> [Exercise goal]
Copy every line of the entries that has the string "Drive" in it.

> [Given data]
=======

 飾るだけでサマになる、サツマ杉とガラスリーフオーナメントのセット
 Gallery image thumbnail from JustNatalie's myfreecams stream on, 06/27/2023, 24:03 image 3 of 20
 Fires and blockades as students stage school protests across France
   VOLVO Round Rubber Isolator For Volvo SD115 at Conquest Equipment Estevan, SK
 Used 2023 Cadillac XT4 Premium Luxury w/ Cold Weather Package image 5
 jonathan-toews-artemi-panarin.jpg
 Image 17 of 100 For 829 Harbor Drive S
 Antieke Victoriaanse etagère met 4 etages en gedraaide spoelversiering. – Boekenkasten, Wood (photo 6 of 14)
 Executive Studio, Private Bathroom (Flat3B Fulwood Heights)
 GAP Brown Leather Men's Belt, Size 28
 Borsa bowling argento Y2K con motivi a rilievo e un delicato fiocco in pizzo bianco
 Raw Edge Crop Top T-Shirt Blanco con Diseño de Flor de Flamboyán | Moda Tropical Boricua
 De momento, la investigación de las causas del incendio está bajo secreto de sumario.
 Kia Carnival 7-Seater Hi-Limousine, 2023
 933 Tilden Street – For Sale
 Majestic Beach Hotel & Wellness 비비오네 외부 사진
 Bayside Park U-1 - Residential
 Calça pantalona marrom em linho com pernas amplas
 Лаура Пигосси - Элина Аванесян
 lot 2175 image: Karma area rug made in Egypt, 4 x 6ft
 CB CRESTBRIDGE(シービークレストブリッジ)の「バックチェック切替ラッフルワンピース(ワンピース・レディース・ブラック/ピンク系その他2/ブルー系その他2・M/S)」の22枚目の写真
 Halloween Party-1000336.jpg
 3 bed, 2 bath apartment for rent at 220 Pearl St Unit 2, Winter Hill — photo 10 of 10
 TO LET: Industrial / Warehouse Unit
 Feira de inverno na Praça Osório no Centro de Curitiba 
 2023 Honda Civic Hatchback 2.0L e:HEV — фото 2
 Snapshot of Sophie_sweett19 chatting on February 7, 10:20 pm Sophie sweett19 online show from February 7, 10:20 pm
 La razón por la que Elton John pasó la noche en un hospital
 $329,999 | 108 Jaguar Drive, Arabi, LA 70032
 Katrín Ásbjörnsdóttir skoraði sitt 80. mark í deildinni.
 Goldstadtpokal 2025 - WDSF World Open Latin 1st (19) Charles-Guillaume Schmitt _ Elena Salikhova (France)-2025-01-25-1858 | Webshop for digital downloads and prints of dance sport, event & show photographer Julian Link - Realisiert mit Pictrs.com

=======

> [The completed task]
 Image 17 of 100 For 829 Harbor Drive S
 $329,999 | 108 Jaguar Drive, Arabi, LA 70032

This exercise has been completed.